Crítica de José Tripodero - A Sala Llena

CINE Y CASTIGO

Pocas alusiones o frases prefabricadas son más horrorosas que “una carta de amor al cine”, la cual puede entenderse en términos de una reacción casi natural provocada por un mecanismo artero para activar los reflejos lacrimógenos. Tras una larga filmografía, no era de extrañar que Sam Mendes aterrizara en el casillero del “cine sobre el cine”. En los planos iniciales lo que se ve es cómo se encienden las luces de diferentes sectores de un cine en una pequeña localidad costera de Inglaterra durante la década de 1980, en plena era de Margaret Thatcher y el trasfondo de una economía recesiva. Este montaje de pequeñas postales también dice mucho de un Mendes que retorna a la quietud y a la intimidad, después de dos películas de James Bond y una película bélica filmada en “plano secuencia”.

La cuota nostálgica es parte de un rompecabezas que el director arma, más como parte de una moda -paradójicamente- que por un fundamento sostenido en una estructura dramática. Incluso dentro de la propia historia se respira el aire de un pasado mejor. Hilary (Olivia Colman) es la gerenta del Empire, una sala de cine que tiene sus parroquianos y pocos espectadores espontáneos. Ella debe la exclusividad de su tiempo al trabajo, a modo de escape de una condición mental que la recluye socialmente. Entre los personajes que la rodean están un jefe tóxico (interpretado por Colin Firth) y el hacedor de la magia, el proyeccionista (encarnado por Toby Jones). De él brotan las frases procesadas, y no por ello menos esperadas, que hablan de como el público va al cine para huir de la realidad.
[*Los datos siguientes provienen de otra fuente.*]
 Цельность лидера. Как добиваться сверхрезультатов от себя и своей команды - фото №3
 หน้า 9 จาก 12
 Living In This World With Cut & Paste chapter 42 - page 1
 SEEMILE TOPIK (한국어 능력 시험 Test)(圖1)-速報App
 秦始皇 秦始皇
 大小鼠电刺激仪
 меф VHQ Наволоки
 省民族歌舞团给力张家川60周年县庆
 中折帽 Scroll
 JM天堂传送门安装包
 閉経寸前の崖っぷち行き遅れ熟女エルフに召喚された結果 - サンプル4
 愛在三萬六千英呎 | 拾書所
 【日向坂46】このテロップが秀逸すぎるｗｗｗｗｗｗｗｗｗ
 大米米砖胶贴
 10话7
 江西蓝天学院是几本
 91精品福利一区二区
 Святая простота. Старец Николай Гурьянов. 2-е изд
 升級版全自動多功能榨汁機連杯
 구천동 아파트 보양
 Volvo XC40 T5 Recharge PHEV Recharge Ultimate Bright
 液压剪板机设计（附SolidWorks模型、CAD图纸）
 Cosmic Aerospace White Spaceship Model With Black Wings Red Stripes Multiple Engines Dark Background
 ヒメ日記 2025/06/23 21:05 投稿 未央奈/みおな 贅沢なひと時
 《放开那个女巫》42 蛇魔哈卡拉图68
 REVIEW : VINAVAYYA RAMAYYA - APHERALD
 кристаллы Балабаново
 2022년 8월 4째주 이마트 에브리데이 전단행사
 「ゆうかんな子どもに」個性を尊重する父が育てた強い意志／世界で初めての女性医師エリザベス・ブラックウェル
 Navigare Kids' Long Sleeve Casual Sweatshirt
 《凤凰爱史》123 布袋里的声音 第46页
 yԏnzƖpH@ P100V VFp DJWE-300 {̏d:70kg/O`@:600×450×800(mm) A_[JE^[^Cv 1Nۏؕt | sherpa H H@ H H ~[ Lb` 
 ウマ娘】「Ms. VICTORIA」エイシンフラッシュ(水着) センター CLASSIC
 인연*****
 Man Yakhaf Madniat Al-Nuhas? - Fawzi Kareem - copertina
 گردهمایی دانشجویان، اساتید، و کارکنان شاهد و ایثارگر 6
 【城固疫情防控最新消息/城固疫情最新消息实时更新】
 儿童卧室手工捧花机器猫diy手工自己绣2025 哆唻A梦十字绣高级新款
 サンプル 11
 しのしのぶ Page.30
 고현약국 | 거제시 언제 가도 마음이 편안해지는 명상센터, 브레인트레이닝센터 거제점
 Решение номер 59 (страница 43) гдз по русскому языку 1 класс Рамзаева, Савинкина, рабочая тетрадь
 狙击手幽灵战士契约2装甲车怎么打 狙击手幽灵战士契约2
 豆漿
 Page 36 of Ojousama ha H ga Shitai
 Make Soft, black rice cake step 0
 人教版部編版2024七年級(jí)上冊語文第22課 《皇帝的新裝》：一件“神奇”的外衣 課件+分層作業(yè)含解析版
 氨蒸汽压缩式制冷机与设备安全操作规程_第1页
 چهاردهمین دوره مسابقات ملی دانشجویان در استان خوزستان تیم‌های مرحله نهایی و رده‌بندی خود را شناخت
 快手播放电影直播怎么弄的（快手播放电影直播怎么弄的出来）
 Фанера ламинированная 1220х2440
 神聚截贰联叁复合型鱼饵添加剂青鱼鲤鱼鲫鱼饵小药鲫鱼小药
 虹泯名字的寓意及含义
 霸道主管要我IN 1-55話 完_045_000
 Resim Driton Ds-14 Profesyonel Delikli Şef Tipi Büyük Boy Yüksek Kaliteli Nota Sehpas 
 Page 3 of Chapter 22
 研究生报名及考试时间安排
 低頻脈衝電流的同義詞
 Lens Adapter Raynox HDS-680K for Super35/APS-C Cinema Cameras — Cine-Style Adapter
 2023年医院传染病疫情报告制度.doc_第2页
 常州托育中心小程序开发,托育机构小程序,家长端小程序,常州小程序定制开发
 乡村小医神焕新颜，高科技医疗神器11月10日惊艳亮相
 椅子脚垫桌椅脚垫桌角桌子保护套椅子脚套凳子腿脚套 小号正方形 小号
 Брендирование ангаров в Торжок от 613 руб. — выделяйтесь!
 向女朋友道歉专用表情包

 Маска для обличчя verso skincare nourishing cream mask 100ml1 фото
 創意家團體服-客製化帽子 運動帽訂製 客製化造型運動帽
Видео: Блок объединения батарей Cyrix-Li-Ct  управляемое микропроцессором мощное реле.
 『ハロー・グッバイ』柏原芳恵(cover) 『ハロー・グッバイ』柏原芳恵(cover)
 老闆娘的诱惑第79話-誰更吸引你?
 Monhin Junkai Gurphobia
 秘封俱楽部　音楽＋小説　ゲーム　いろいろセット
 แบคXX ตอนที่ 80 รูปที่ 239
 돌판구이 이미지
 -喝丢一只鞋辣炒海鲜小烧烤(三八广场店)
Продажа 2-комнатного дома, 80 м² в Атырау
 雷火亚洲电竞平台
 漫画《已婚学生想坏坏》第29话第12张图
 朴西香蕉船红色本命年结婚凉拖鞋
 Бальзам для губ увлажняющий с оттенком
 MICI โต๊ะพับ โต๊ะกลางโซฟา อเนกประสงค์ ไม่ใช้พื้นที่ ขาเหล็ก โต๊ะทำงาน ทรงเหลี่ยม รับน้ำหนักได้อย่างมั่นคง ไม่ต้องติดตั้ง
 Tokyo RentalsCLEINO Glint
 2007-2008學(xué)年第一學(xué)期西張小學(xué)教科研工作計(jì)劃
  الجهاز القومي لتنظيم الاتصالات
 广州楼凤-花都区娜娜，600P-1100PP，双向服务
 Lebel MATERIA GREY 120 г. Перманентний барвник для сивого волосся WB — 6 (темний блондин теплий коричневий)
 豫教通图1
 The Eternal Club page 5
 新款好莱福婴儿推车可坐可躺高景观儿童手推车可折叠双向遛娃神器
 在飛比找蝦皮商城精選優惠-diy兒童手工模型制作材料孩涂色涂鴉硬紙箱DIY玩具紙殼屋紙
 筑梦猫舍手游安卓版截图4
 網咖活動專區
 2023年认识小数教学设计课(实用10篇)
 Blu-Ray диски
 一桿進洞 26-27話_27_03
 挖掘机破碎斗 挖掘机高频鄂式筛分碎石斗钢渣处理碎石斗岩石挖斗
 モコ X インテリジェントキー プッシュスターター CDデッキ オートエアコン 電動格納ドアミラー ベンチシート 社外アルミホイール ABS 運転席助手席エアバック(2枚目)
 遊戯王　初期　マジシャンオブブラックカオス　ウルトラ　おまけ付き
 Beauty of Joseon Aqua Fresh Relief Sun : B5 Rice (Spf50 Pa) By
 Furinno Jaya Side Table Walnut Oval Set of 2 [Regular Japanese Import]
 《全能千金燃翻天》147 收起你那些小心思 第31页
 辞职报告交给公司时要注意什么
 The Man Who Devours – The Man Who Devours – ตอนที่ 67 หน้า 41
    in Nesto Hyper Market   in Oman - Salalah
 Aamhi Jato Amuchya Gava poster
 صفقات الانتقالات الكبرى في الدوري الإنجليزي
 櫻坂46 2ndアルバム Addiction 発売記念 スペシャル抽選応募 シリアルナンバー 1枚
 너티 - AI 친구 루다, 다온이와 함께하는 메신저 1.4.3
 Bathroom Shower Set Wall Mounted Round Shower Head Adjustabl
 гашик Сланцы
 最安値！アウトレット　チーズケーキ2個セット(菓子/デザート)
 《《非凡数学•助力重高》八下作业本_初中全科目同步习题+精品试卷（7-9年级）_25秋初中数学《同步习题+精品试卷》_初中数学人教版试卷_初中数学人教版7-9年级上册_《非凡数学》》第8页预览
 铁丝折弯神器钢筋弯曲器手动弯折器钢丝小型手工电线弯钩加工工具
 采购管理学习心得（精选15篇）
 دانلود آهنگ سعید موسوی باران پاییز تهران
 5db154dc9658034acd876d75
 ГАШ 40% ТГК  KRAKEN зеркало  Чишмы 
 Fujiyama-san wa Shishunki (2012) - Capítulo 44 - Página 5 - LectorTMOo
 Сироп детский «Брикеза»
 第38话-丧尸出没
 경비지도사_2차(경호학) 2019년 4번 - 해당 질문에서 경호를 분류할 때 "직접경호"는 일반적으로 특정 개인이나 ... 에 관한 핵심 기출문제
El quiebre de la rutina en la vida de Hilary lo introduce Stephen (Michael Ward), un joven negro que se incorpora al staff. La revolución dentro de su rutina no es solo laboral; también se presenta una fibra sentimental que sucumbe al cimbronazo. Las condiciones están dadas para un melodrama que tiene al cine como telón de fondo, y a Mendes no se le ocurrió mejor idea que adobarle a una historia de amor que ya tiene age gap, el conflicto racista en términos históricos de un espejo: el pasado se repite o, mejor dicho, persiste en nuestros tiempos.

Para el director de Belleza americana todos los temas planteados son importantes y necesarios, y la manera de presentarlos -como si no fuera suficiente- es a través de atajos. “El cine es un escape de la realidad”, esto se dice una y otra vez de diferentes maneras, no solo por diálogos sino también con referencias a películas. La prolijidad del relato, que se extiende a base de pisar cuidadosamente cada momento como baldosa en la lluvia, se descascara al arrojar a Hilary -su principal figura y luz verdadera- a un espectáculo denigrante en la escena de su colapso durante una premiere de Carrozas de fuego en el Empire. En el único momento de desmarque con respecto a las convenciones, costumbres y referencias más obvias (el olor a Cinema Paradiso ronda las dos largas horas), todo se direcciona a la crueldad más gratuita. Imperio de luz tiene la pretensión de ser correctísima, e incluso en la idea de castigo a su protagonista cae en la trampa, al intentar una prolijidad dentro del concepto de “dibujo libre” que supone poner a una actriz a escupir verdades en modo de soliloquio. Ni así pudo conmover Sam Mendes -al menos esta vez- a la Academia, que solo nominó a esta película en la categoría de mejor fotografía.